Transpapillary endopancreatic surgery: decompression of duct system and comparison of greenlight laser with monopolar electrosurgical device in ex vivo and in vivo animal models
Endopancreatic surgery (EPS) is an experimental minimally invasive technique for resection of pancreatic tissue from inside the pancreatic duct, accessed via the duodenum and papilla. It is proposed as an alternative to duodenum-preserving pancreatic head resection in benign diseases such as chronic pancreatitis (CP). This study evaluated the use of EPS for resection of pancreatic duct stenoses. Moreover, greenlight laser (GLL) and monopolar electrosurgical device (MES) were compared as resection tools for EPS.
The suitability of EPS for resection of stenoses was evaluated in ex vivo bovine pancreas (n = 8). Artificially created stenoses in the pancreatic head were accessed via the duodenal papilla and resected from inside the organ with MES through a rigid endoscope. Furthermore, standardized pancreatic resections were performed in an in vivo porcine model using either GLL (n = 18) or MES (n = 18) to compare blood loss, operating time, and complications. Thermal damage to the surrounding tissue was assessed using a standardized histological classification.
Stenosis resection by EPS was feasible in 8/8 bovine pancreases, with a procedure time of 17 (12–24) min. No perforation of the organ occurred. Resection by GLL was associated with reduced blood loss [median 1.7 (interquartile range 0.6–2.6) ml vs. 5.1 (3.8–13.2) ml; p < 0.01] and shorter operating time [109 (81–127) s vs. 390 (337–555) s; p < 0.01] compared with MES. The zone of thermal tissue damage was more extensive when using GLL than with MES [4.12 (3.48–4.89) mm vs. 1.33 (1.09–1.48) mm; p < 0.01].
Transduodenal-transpapillary EPS can be used to resect stenoses and decompress the pancreatic duct system. Both GLL and MES are feasible resection methods for EPS. However, GLL showed better hemostatic characteristics than MES in an in vivo porcine model. Safety measures such as temperature control and image-guided navigation should be employed to monitor the resection and tissue heating.

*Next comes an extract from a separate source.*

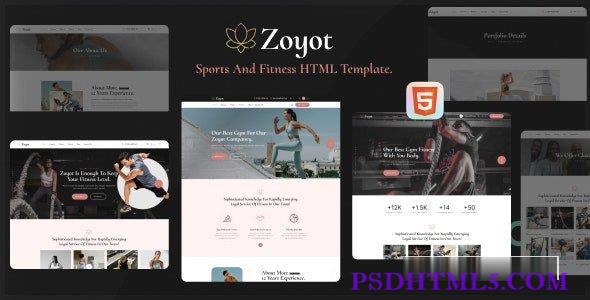 Zoyot – 体育与健身HTML模板-尚睿切图网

KeywordsPancreatic surgery Minimally invasive pancreatic surgery Chronic pancreatitis Pancreatoscopy Greenlight laser
Duodenum-preserving pancreatic head resection
Electrothermal bipolar vessel sealing systems
Monopolar electrosurgical device
Ultrasonic coagulation shears
The authors thank Felix Lasitschka of the Institute of Pathology. University Hospital Heidelberg for his advice and help on the experiments.

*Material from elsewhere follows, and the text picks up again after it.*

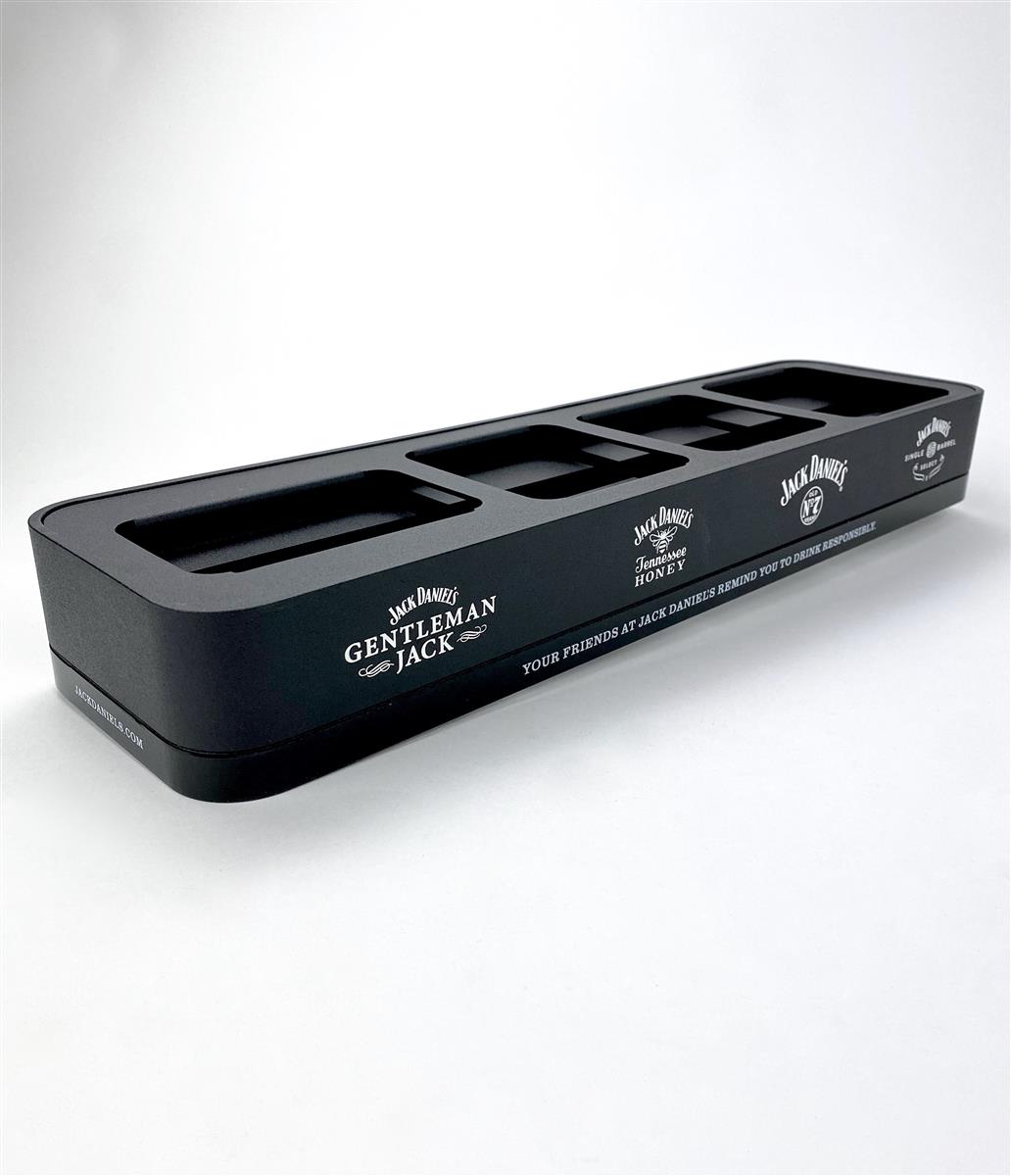 1x Jack Daniels Whiskey Glorifier Metall 4 Flaschen schwarz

PCM: study design, performing the experiments, statistical analysis, writing the manuscript; DCS: study design, performing the experiments, writing the manuscript; LC: performing the experiments, statistical analysis, writing the manuscript; GH, FN: performing the experiments, critical revision of the manuscript; KZ and BPM: study design, interpretation of data, critical revision of the manuscript.
Philip C. Müller is supported by the Swiss Pancreas Foundation. All other authors have nothing to disclose. The work was supported by the Heidelberg Foundation of Surgery.
Compliance with ethical standards
Philip C. Müller, Daniel C. Steinemann, Lukas Chinczewski, Gencay Hatiboglu, Felix Nickel, Kaspar Z’graggen, and Beat P. Müller-Stich have no conflict of interest or financial ties to disclose.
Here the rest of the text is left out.